### Exercise prompt
The line containing "Decoratie-auto Coronel Lasergames" marks the start; extract exactly from it through the last line of the entries, and omit any pictures.

*** Available records ***

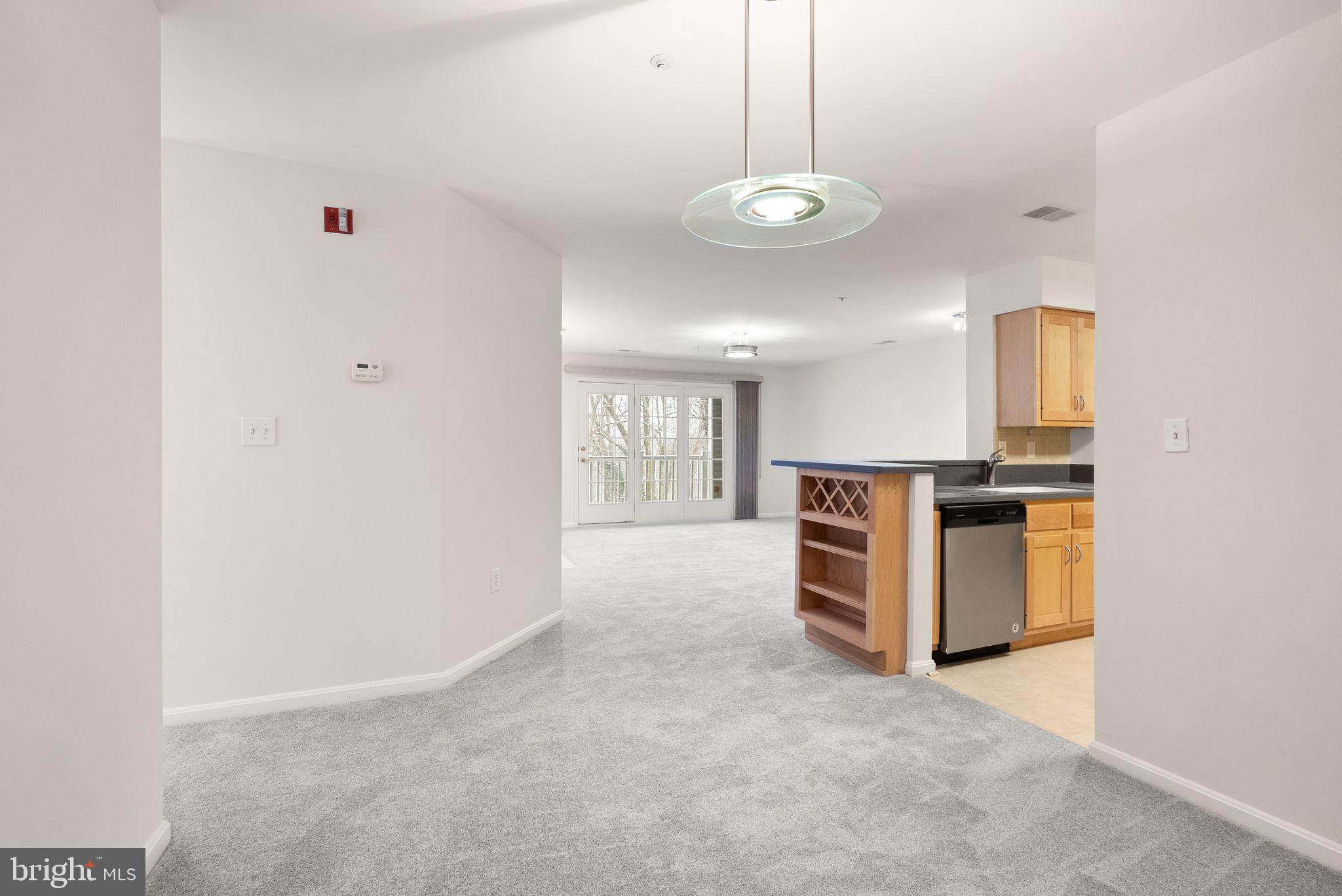 STRATFORD PLACE AT KINGS - Residential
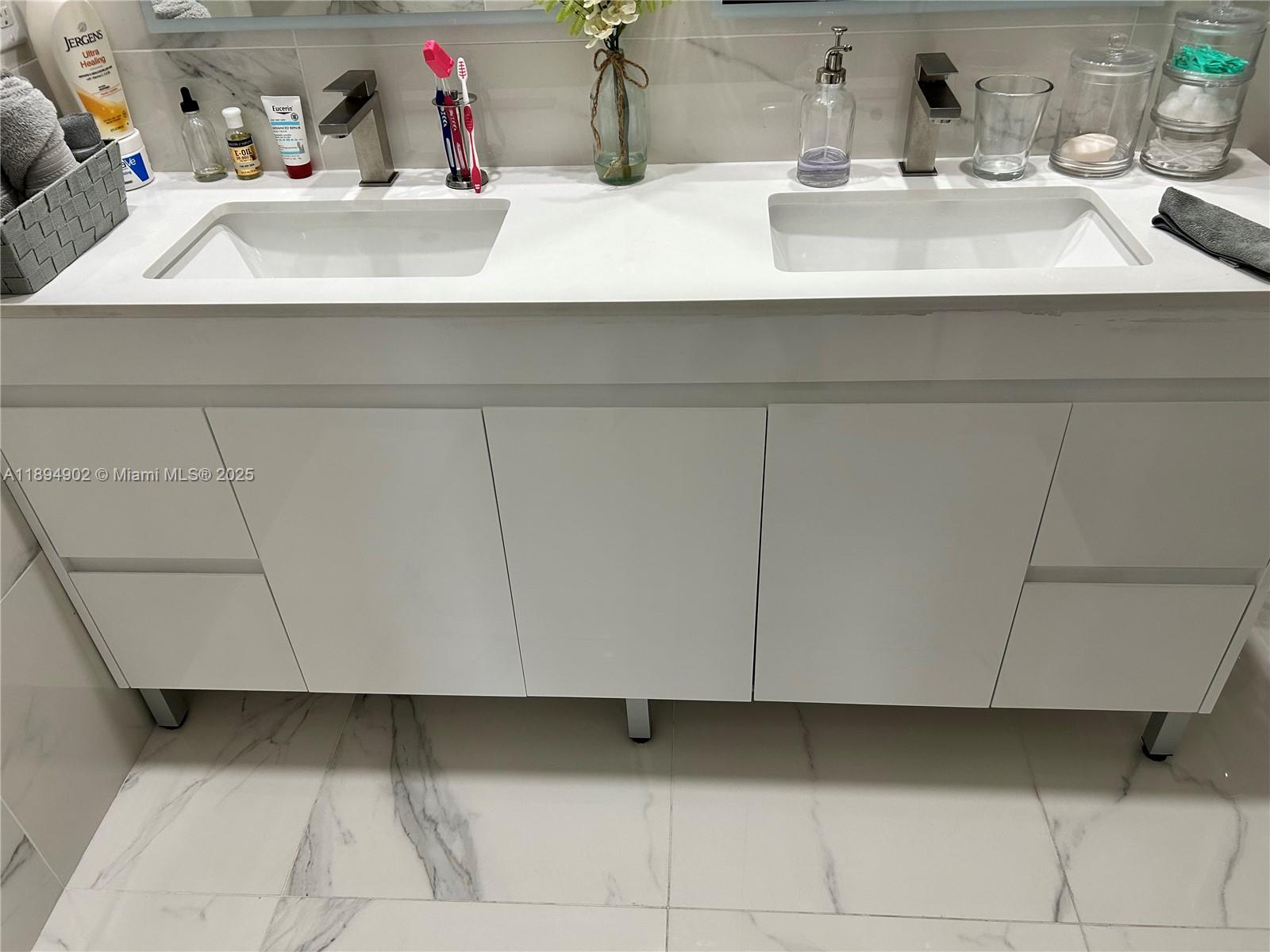 ESTATES AT SILVER PALM - Residential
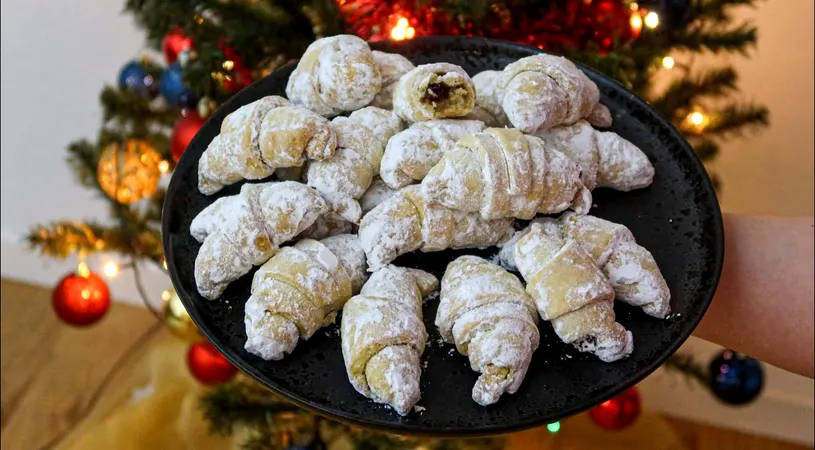 Secretul bunicii! Cornulețe fragede de Crăciun - rețetă specială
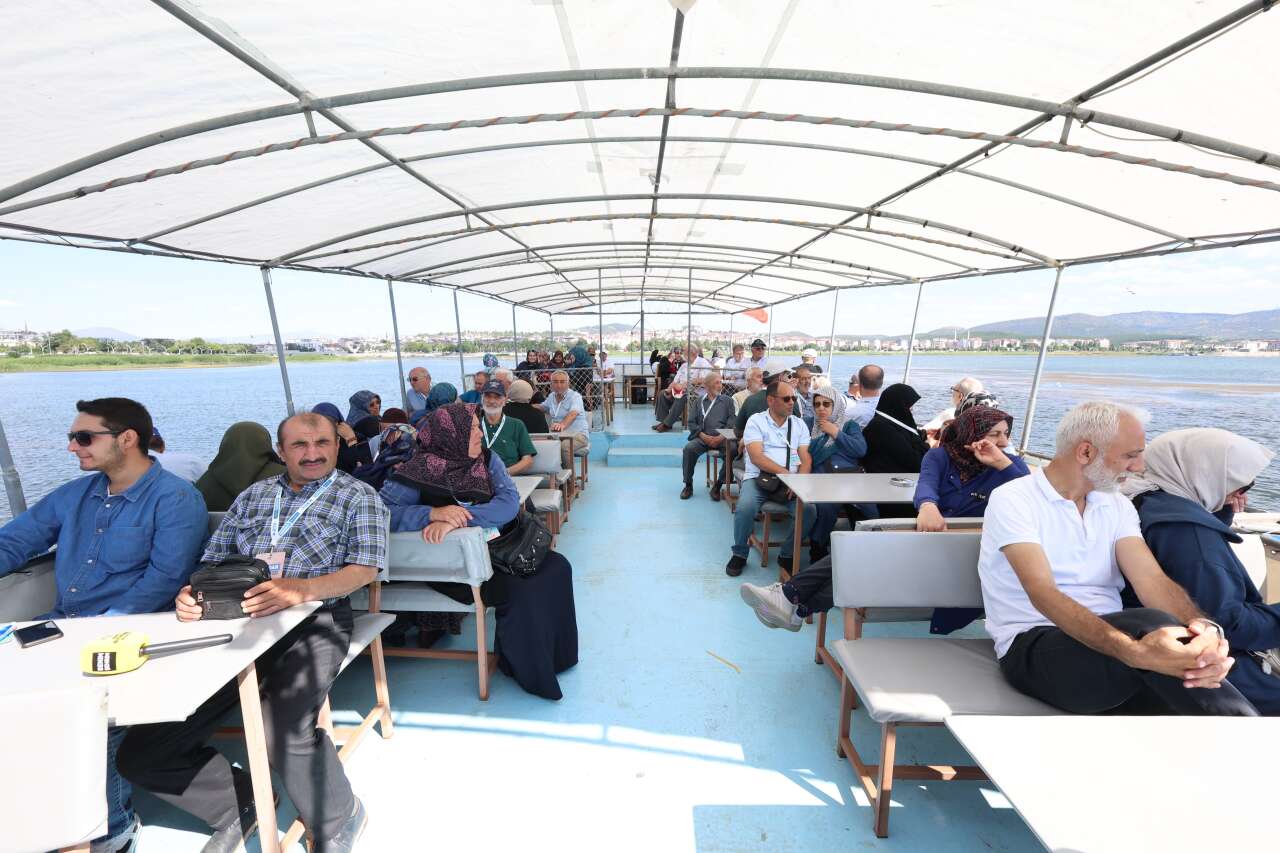 konyanin-31-ilcesinden-10-bin-emekli-yollara-cikti-5-rota-binlerce-ani
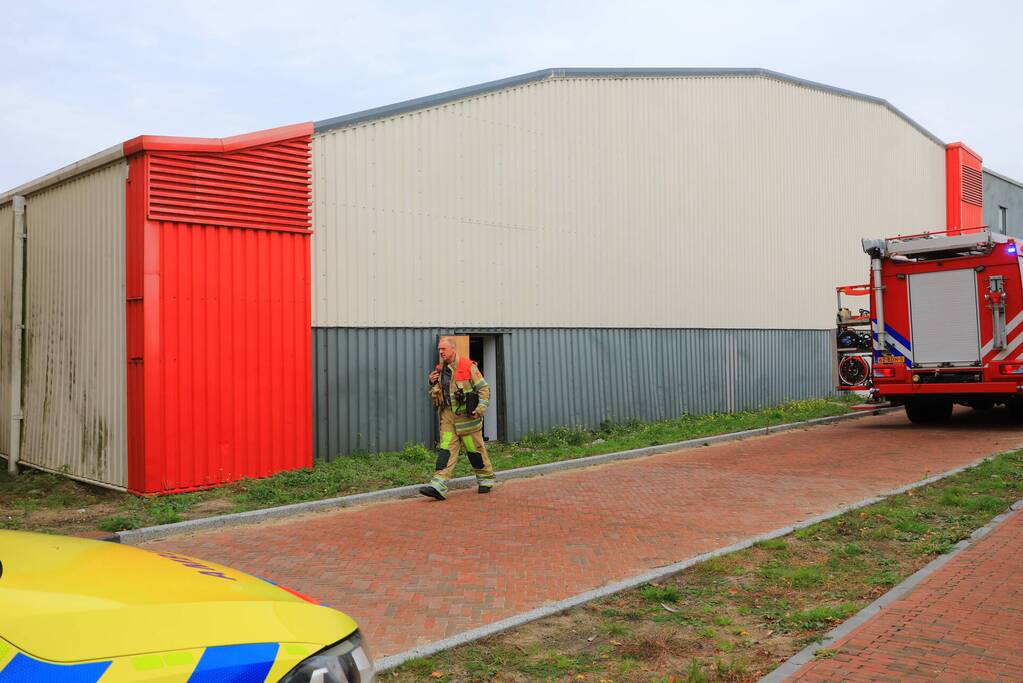 Decoratie-auto Coronel Lasergames rolt naar beneden, drie gewonden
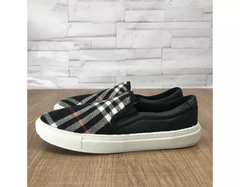 Sapatênis Burberry - Slip-On - YTFG31 na internet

*** End of Available records ***

### Written answer
 Decoratie-auto Coronel Lasergames rolt naar beneden, drie gewonden
 Sapatênis Burberry - Slip-On - YTFG31 na internet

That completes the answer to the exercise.